*** Opening EXERCISE INPUT ***

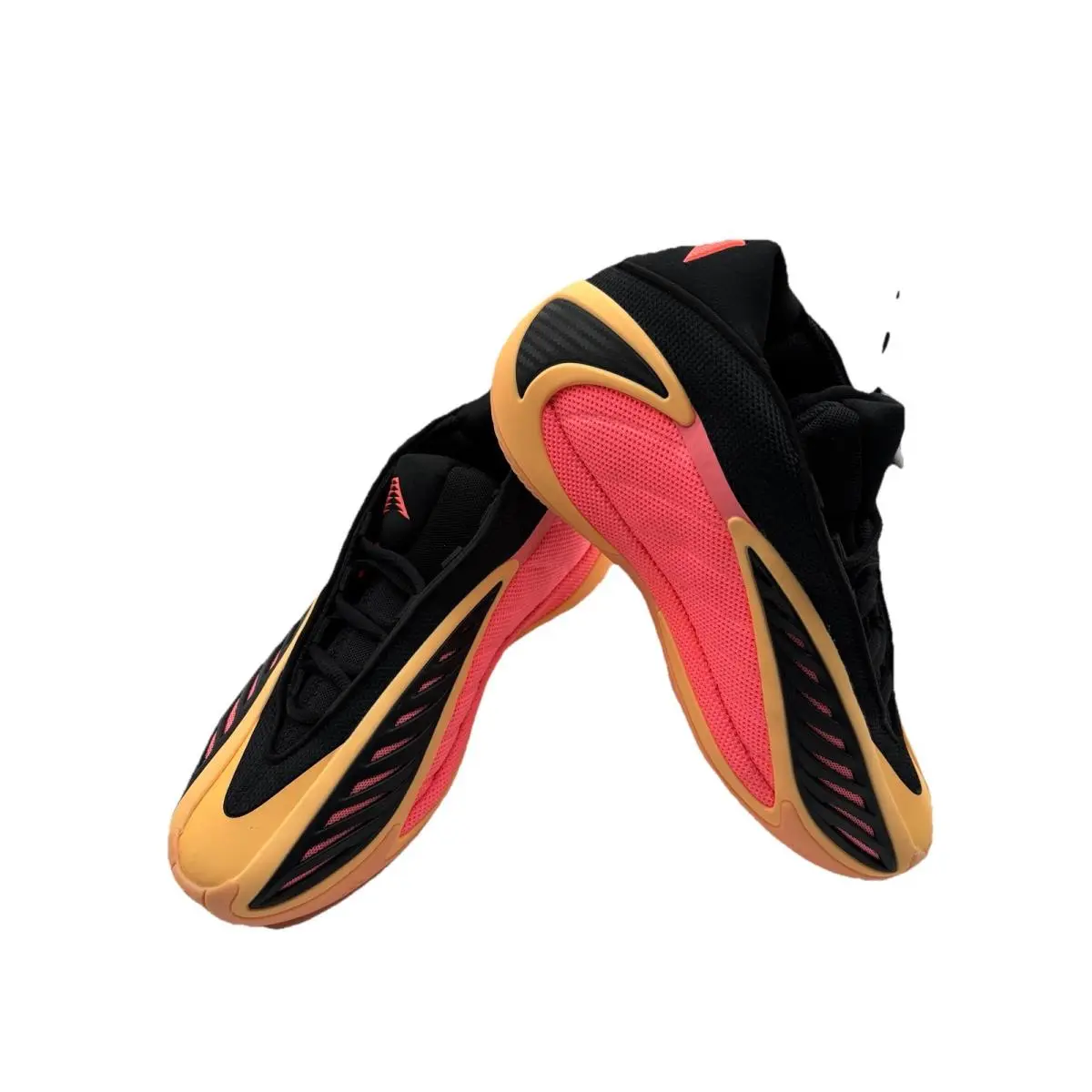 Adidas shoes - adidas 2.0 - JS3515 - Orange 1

*** Closing EXERCISE INPUT ***
*** Opening EXERCISE INPUT ***

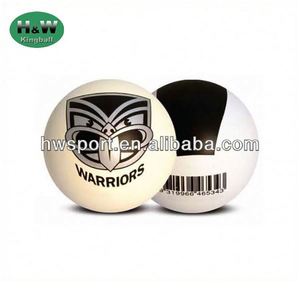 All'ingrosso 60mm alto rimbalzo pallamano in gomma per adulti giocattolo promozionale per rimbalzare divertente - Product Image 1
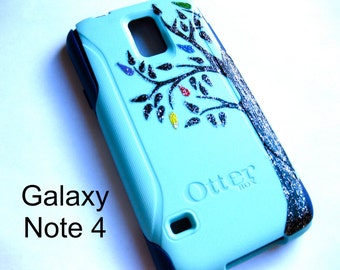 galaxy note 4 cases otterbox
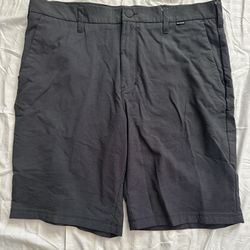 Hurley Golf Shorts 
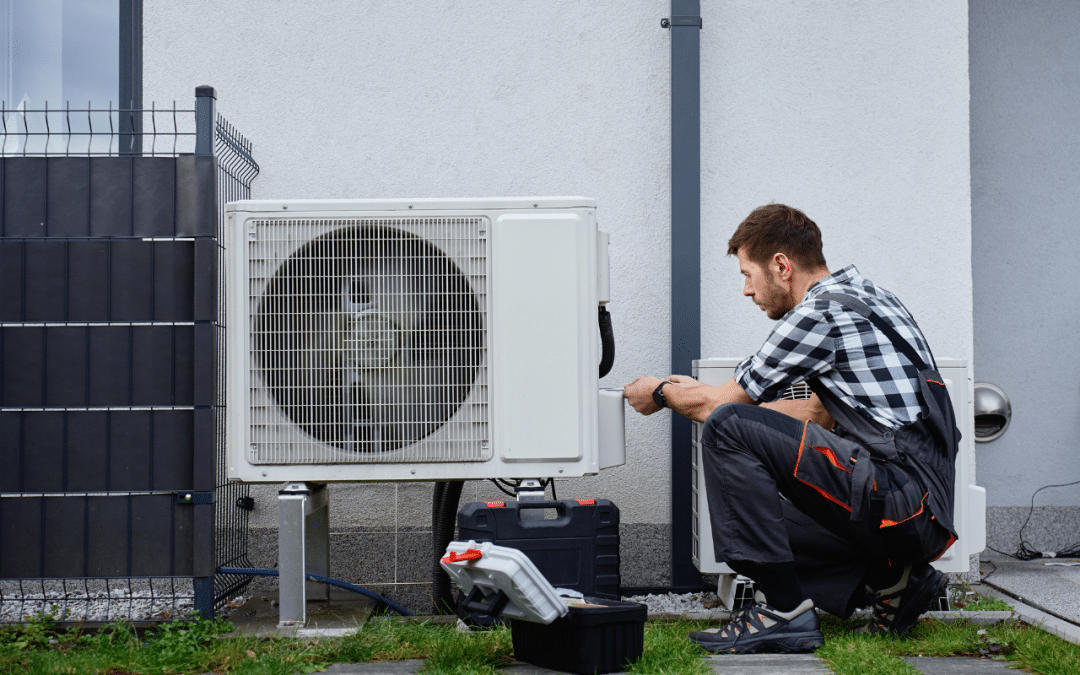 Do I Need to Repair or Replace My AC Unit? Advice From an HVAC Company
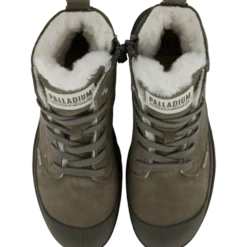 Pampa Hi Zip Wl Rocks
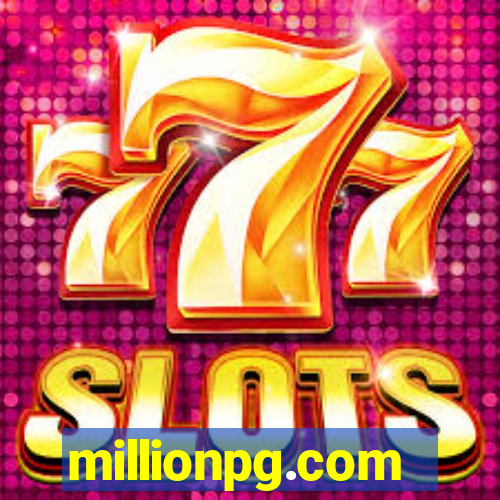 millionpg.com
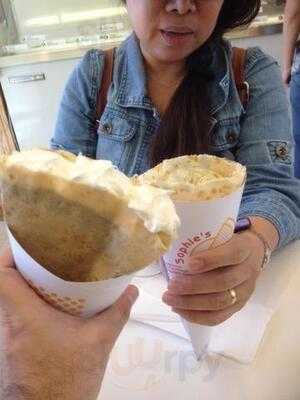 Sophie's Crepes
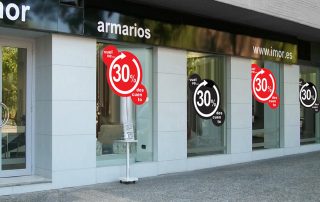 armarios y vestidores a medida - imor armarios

*** Closing EXERCISE INPUT ***

> _WHAT YOU ARE ASKED TO DO_:
Only the lines above from the one with "galaxy note 4 cases otterbox" to the one with "armarios y vestidores" should be printed, both included and exactly as written; no picture belongs in the copy.

> _WRITTEN REPLY_:
 galaxy note 4 cases otterbox
 Hurley Golf Shorts 
 Do I Need to Repair or Replace My AC Unit? Advice From an HVAC Company
 Pampa Hi Zip Wl Rocks
 millionpg.com
 Sophie's Crepes
 armarios y vestidores a medida - imor armarios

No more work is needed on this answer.